Après ton dernier film Vortex, où en es-tu Gaspar Noe ?

Ce n’est pas simple de te coincer devant un café, tu es toujours pressé ! Mais on y est arrivé ! Gaspar Noe, tu es ce que certains appellent un réalisateur-culte. Tu es né en 1963 à Buenos Aires et tu vis ici à Paris depuis tes douze ans. On est voisin et comme j’ai pu voir ton dernier film Vortex, j’ai voulu faire le point avec toi, savoir là où tu en es. Ton nouveau film, Vortex, qui m’a vraiment secoué et qui marque encore, je crois, un tournant dans ta filmographie, va être montré au Festival de Cannes. Dans quel état es-tu ?

Cannes, j’y fais juste un aller/retour ! Je ne suis pas vraiment angoissé par la sortie du film. Les films, c’est comme des actes accomplis. Je ne suis pas dans un souci de rentabilité, pas comme mes producteurs qui eux, veulent rentrer dans leur frais ; c’est normal. Moi j’attend plutôt ce que les gens vont me dire, ce que le film va leur apporter. J’ai fait des bides commerciaux énormes comme Enter the Void (2009), mais aujourd’hui encore, partout où je vais dans le monde des gens me parlent de ce film, leurs enfants aussi ! C’est devenu un blockbuster du piratage, les gens le regardent avant d’entrer dans leur itinéraire psychédélique, champignons ou autres. Et grâce à Netflix, qui le signalait comme érotique, des milliers de gens se sont rués sur Love (2015)... Résultat : j’ai eu cent fois plus de spectateurs que je n’aurais jamais pu imaginer. Je suis bien sûr content que mon nouveau film Vortex sorte d’abord sur les grands écrans, j’espère qu’il va trouver son chemin. Mais au bout d’un moment, les films sont là et il faut lâcher. Tous les gens qui ont vu La Maman et la Putain (film de Jean Eustache, 1973) sont encore obsédés par le film, et ça dure depuis 50 ans ! C’est à ça qu’on mesure la qualité d’un film

Aujourd’hui, le cinéma se mondialise. Tu es argentin, tu vis en France… Tu n’as pas encore tenté ta chance à Hollywood. Mais je sais que tu es parti tourner Enter the Void (2009) au Japon ; j’aime bien cette idée d’un cinéma d’auteur mondial, internationaliste…
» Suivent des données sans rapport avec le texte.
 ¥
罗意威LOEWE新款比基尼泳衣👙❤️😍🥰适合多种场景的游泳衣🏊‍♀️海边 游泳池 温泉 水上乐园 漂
J’ai essayé, oui ; et c’était formidable même si je reste un cinéaste français. Mais dix ans après en retournant à Tokyo montrer Climax (2018), j’ai constaté qu’entretemps, le japon s’est désintéressé du Cinéma Français. A une époque, le cinéma Français pour le public japonais était une alternative au cinéma américain ! Avant nous étions idolâtrés, la fine fleur de la contreculture, et du jour au lendemain, en un claquement de doigt, la mode a changé. Toute les salles qui projetaient des films d’auteurs français sortent maintenant des films indépendants japonais. Tant mieux pour eux ! En revanche, mon nouveau montage d’Irréversible, sorti presque clandestinement en France, sort au Japon sur 70 copies, comme un blockbuster. En fait, les japonais sont totalement imprévisibles et c’est ce que j’ai adoré là-bas quand je suis allé y tourner Enter the Void ! La culture américaine dominante ne s’impose pas encore au quatre coins du monde heureusement !
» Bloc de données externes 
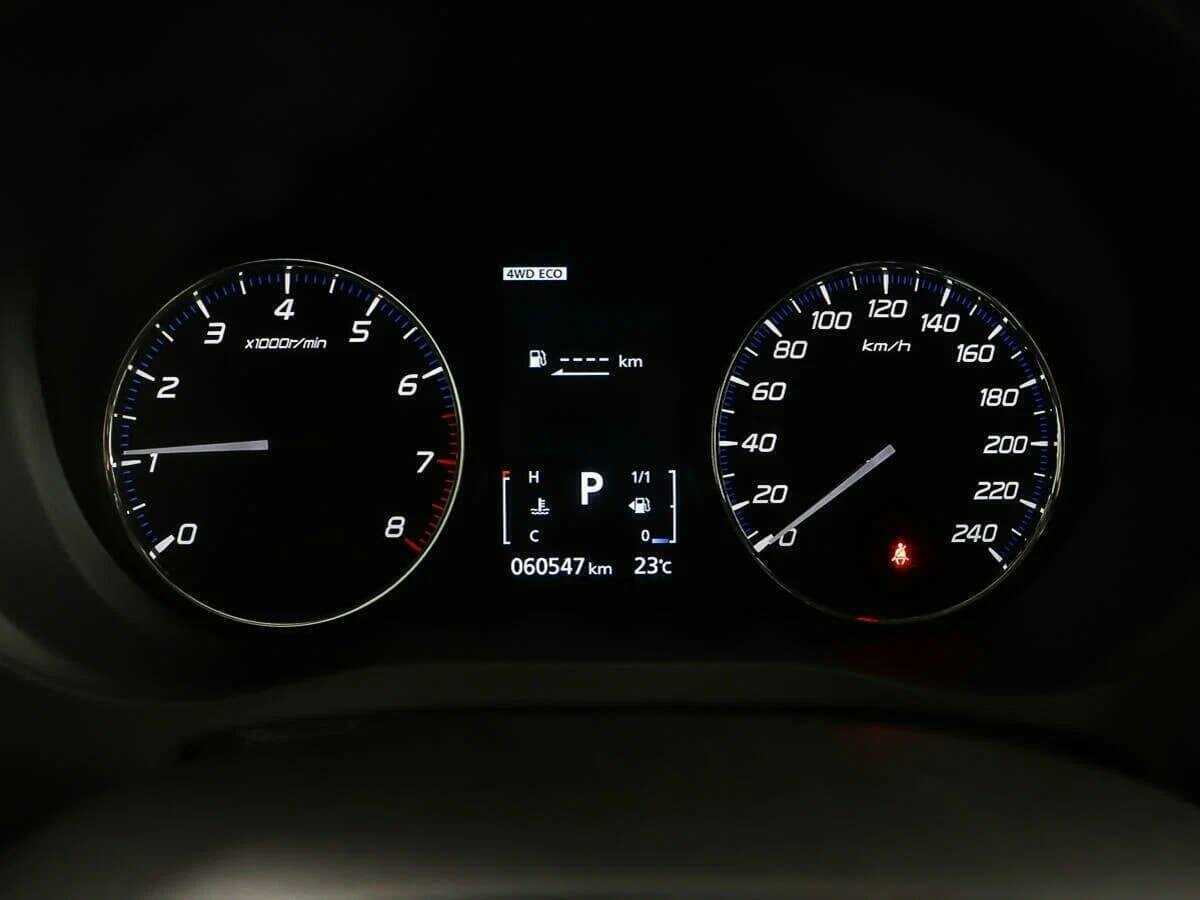 Б/У Митсубиши Оутлэндер 2016 года. Фото: #9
Au départ de tous tes films, il y a des rencontres, des idées de personnages nées d’une expérience réelle, pas forcément des acteurs… Est-ce que tu écris beaucoup tes films ? Sur Google, tu es répertorié d’abord comme scénariste, et on t’attribue aussi une certaine fascination pour la violence…
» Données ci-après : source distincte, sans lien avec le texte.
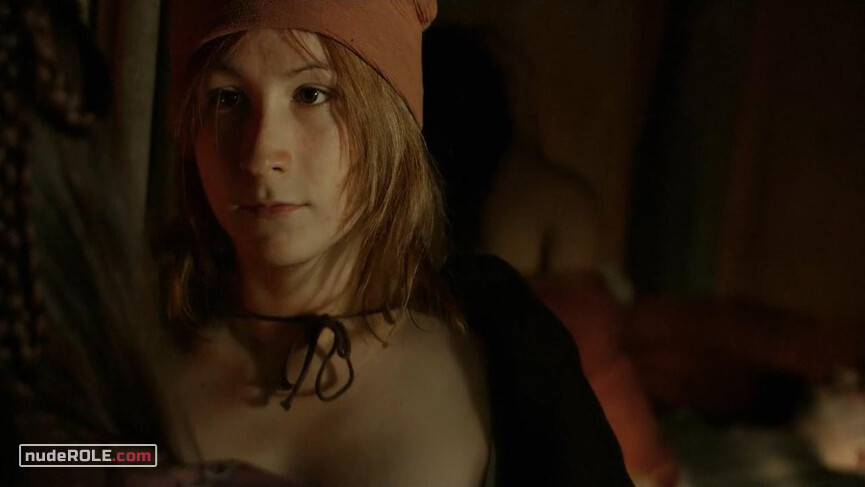 2. Rousse nude – La Commanderie s01e02 (2010)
Dans l’absolu, j’aimerais que le film s’invente au fur et à mesure. Pour Climax comme pour le dernier, Vortex, j’ai écrit un synopsis un peu développé de dix pages pour convaincre, et après je cherche de l’argent pour travailler avec ceux que j’ai casté, choisi. Je ne leur écris pas de dialogues ni ne leur impose des chorégraphies, il y a juste une structure narrative… Quant à la violence, c’est comme chez Carpenter ! c’est une violence graphique, spectaculaire, simulée, ritualisée, tout le monde sait qu’il est en train de regarder un film ! D’ailleurs c’est souvent les scènes les plus dures pendant lesquelles les acteurs s’amusent le plus : La longue scène de viol d’Irréversible par exemple…

Oui. On sent bien cette joie d’inventer le film dans Climax même si les rapports entre les acteurs semblent très durs… Qu’est-ce qui t’a amené à travailler avec ces danseuses et danseurs issus des cultures urbaines, à leur proposer un projet de film ?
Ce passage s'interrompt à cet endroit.